Negotiations begin with Pharaoh, who admits initial defeat.

“How long will you continue to snare us?” he asks Moses, offering a major concession. “Let the men go to worship their God! Are you not aware that Egypt has lost?” (Exodus 10:7)

But Pharaoh doesn’t get it.

Because Moses’ initial request to “Let my people go…” was not about release from slavery and permission to leave Egypt. Rather it was a request to celebrate a religious festival in a nearby location identified in the Torah as Sukkot.

So, let’s go back and reread Pharaoh’s initial offer. Do you notice the flaw? Pharaoh agrees only to let the able-bodied men go.

And Moses says, “No!”

“We will all go, young and old,” he insists. “We will go with our sons and daughters…” (Exodus 10:9) Negotiations break down, and soon after, the final three scourges descend: hail, darkness and ultimately the plague of the first borne, which claims the Pharaoh’s oldest son and the eldest son of each Egyptian family.

So why, with peace and victory at hand, did Moses dig in his heals?

One Biblical commentator notes: “Because no celebration is complete without children.” Another adds: “A child without parents is an orphan, but a nation without children is an orphan people.”

No wonder Pharaoh wanted Israelite boys to be thrown into the Nile. No wonder Moses insisted that not only middle-aged males, but also children and elders, make the pilgrimage.

In short, it was all about the children—sons and daughters.

Pharaoh finally gets the message, and the Exodus begins.

This timeless bond between present and future—”young and old”—is so profound within Jewish culture, that God declares that moment of liberation as the official Jewish new year.

Rosh Hashanah celebrates the creation of humanity on the first day of Tishrei, in the seventh month of the year.

As the Israelites depart Egypt, God says to Moses and Aaron: “This month (Aviv, later Nissan) shall be the beginning of the months; it shall be the first of the months of the year for you.” (Exodus 12:2)

It begins with freedom.

I remember some years ago sitting with a family as they reviewed the final details of their daughter’s upcoming bat mitzvah. They had brought Bubbie along—a survivor, who by that time had deteriorated physically and mentally.

They seemed embarrassed each time Bubbie began speaking with a seeming lack of focus. I told them not to worry, as I shared the story my mother told me many years ago, which Moses recounts in this week’s Torah portion.
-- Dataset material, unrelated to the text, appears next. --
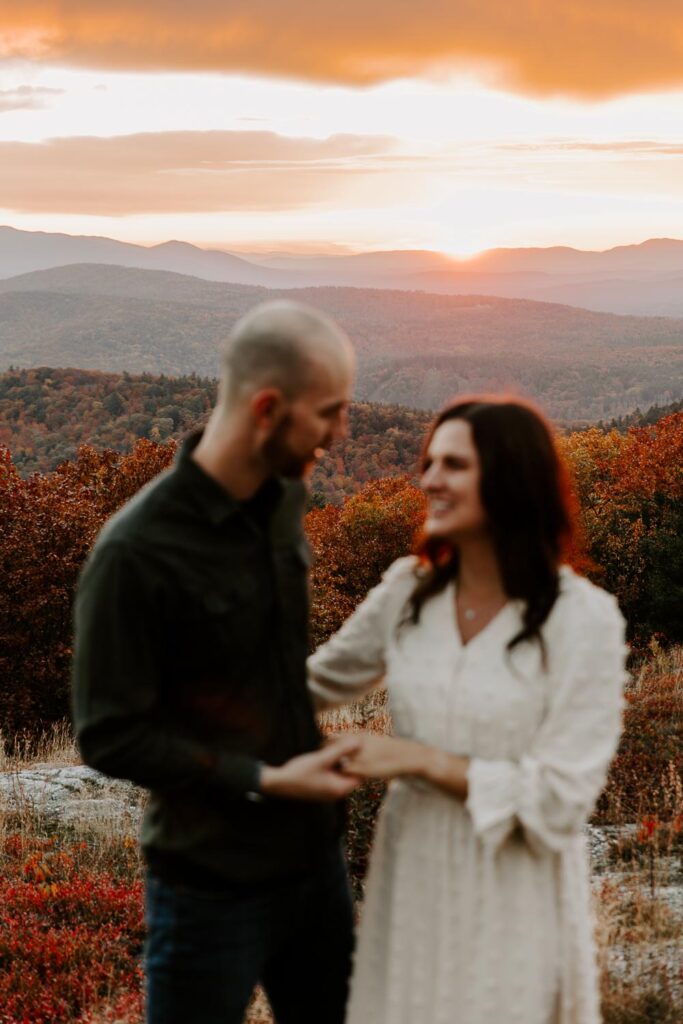 blurry white mountains sunset engagement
“We will all go, young and old.”

That Shabbat, Bubbie remained long enough to observe her granddaughter raise her voice in praise of a higher power that had helped her survive the Pharaoh of her day.
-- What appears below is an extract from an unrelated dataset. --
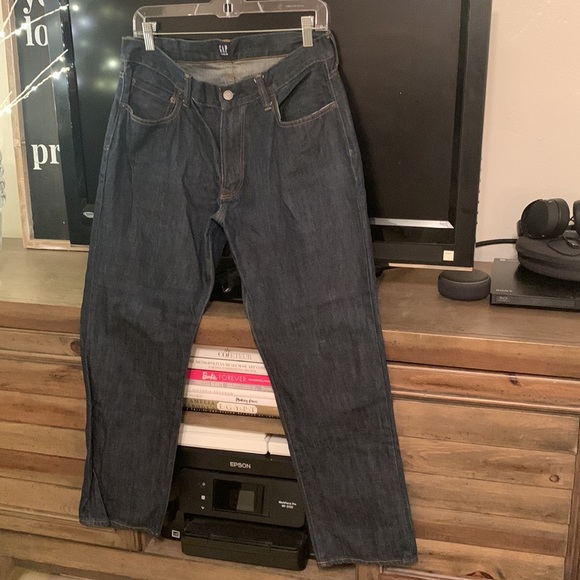 Gap 1969 MEN Jeans Dark Blue Rinse Gap Size 32 Waist 30 Length Straight Leg - Picture 2 of 9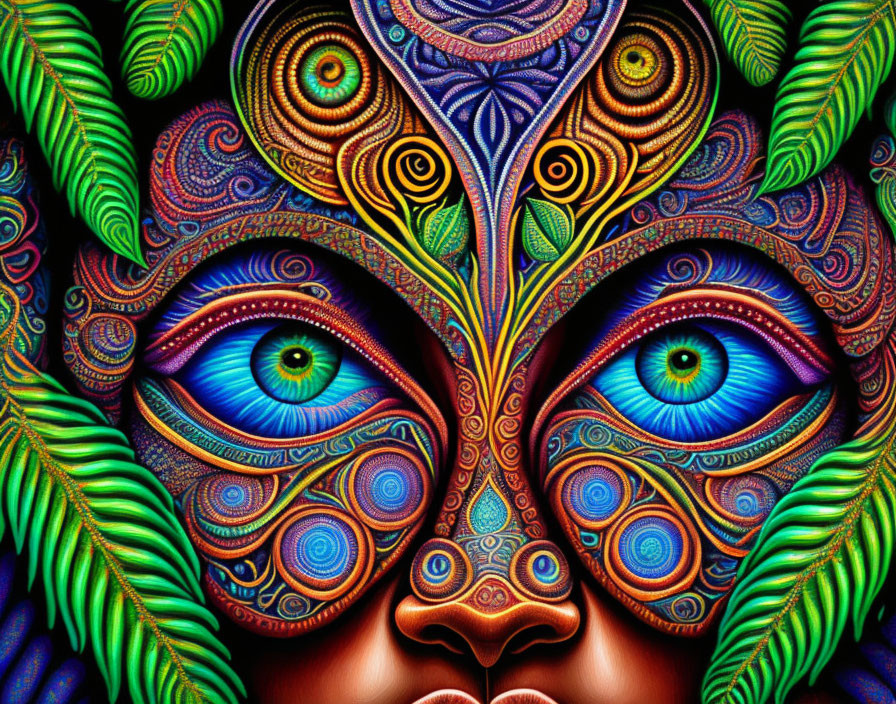 Colorful Psychedelic Artwork with Striking Blue Eyes and Leaf Motifs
During my time working in northern Canada, a First Nations chief once shared this with me: “We do not inherit the world from our ancestors, we borrow it from our children.

“But we bless our elders at every chance—for they are the ones who pass us this sacred chain and got us here.” It is a lesson to consider as we honor, particularly at Passover, the unbroken chain between grandparents, parents and children.

For when elders are in the presence of their grandchildren —they are rejuvenated. And when children are in the company of their grandparents, they are grounded with depth, tradition and timeless love.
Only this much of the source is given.